Cyril Valentine Briggs was born on the Caribbean island of Nevis, a part of the West Indies, on May 28, 1888. His mother, Mary M. Huggins, was of African-Caribbean descent while his father, Louis E. Briggs, was a white plantation overseer. Briggs was of extremely light complexion but always identified himself as a Black man.

As a youth Briggs enjoyed the benefit of a quality colonial education and furthered his studies by working as an assistant in the library of a local clergyman. It was here that he was first exposed to political works critical of imperialism. He soon became a writer and journalist himself, securing employment with the St. Kitts Daily Express and the St. Christopher Advertiser. Although awarded a scholarship to study journalism at the university level, in July 1905 Briggs instead chose to emigrate to the United States to join his mother, who had already living there.

Briggs joined the staff of the Amsterdam News, New York City’s oldest Black newspaper in 1912. Inspired by Black nationalist and Pan-African ideals, in September 1918 Briggs launched a monthly publication called The Crusader. Initially, the magazine’s credo was “Africa for the Africans” and a call for a “renaissance of Negro power and culture throughout the world.”

In 1919, Briggs began to move leftward and The Crusader took on a more militant, anti-imperialist orientation, linking colonization and racial oppression to capitalism. In October of that year, The Crusader announced the formation of the African Blood Brotherhood for African Liberation and Redemption (ABB), a propaganda organization built on the model of the secret society. The group’s socialist orientation soon led it to Marxism and communism. In June 1921, The Crusader became the official journal of the ABB, presenting communism as the solution to racial and economic inequality.

Briggs himself joined the Communist Party of the United States (CPUSA) in 1921. In 1925 the African Blood Brotherhood was dissolved and replaced with a new organizational entity, the American Negro Labor Congress. Briggs became its national secretary. He was subsequently named to the CPUSA’s Central Committee in 1929. Together with other Black Communists he worked to make Harlem a Party stronghold, particularly through mass agitation and the publication of The Harlem Liberator newspaper, which he edited.
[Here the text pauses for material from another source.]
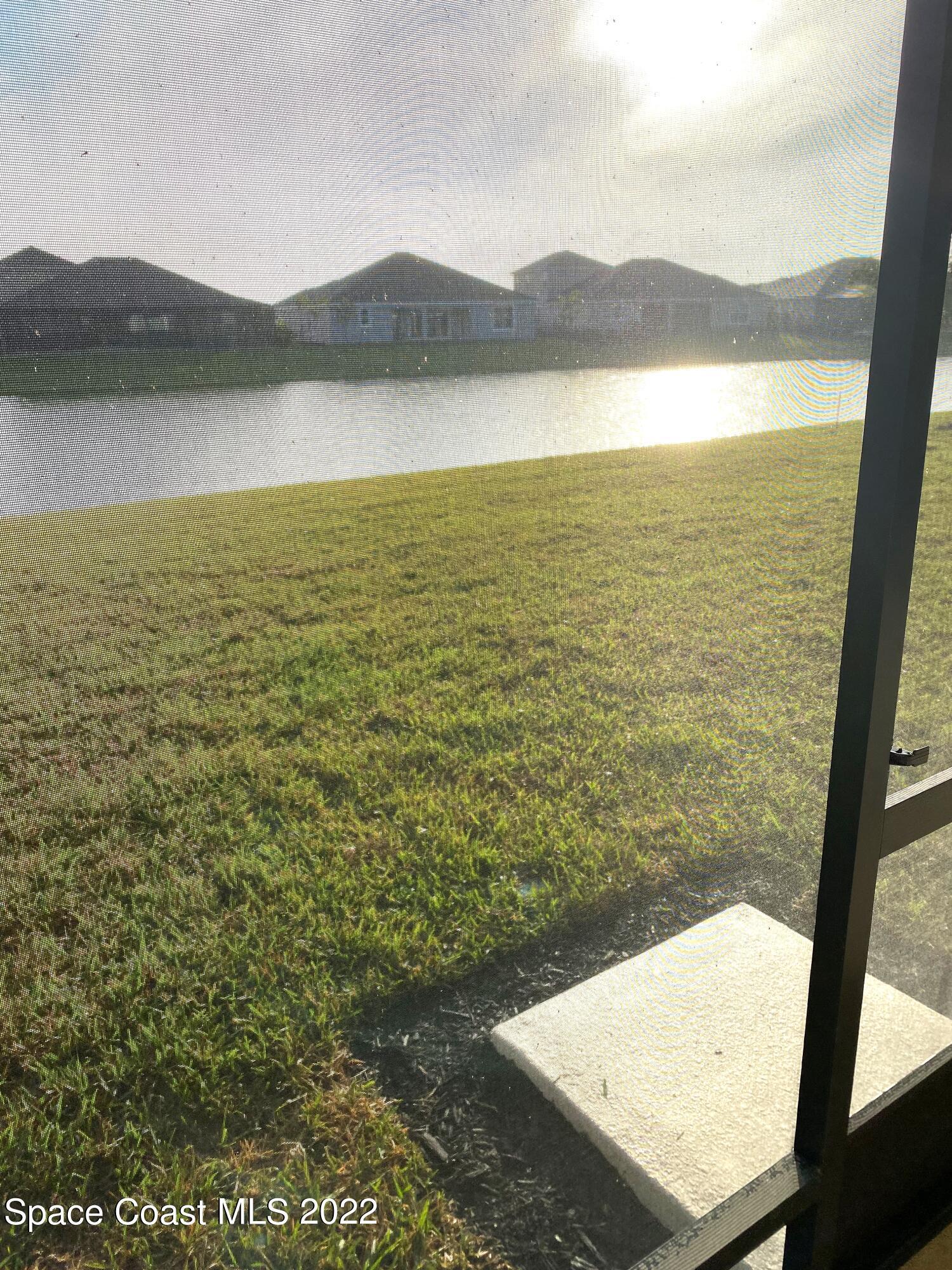 8321 Paragrass Avenue Melbourne, FL 32940 - Photo 35 of 41 a view of lake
In 1933, however, differences over Party policy and practice in Harlem induced the national leadership to send James W. Ford into Harlem with a mandate to remold the local party organization. Briggs and his allies opposed what they perceived to be an initiative to moderate the Harlem party’s militant campaigns and struggle against white chauvinism and Black moderates. As a result, Briggs was removed as editor of The Harlem Liberator and delegated to work as a member of the Daily Worker staff.
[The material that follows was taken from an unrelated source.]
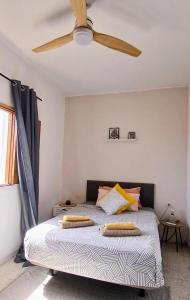 a bedroom with a bed with a ceiling fan at La Casita de Puerto in Puerto del Rosario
At the Daily Worker Briggs wrote on a wide variety of topics, with special attention to African American issues, including the Scottsboro case. However, with the advent of the Popular Front line he found himself out of favor in the Party and ceased to write for the Daily Worker by 1935. At the end of the 1930s or early 1940s, he was expelled from the CPUSA, accused of maintaining a “Negro nationalist way of thinking” in defiance of the increasingly Browderite Party line on Afro-American issues.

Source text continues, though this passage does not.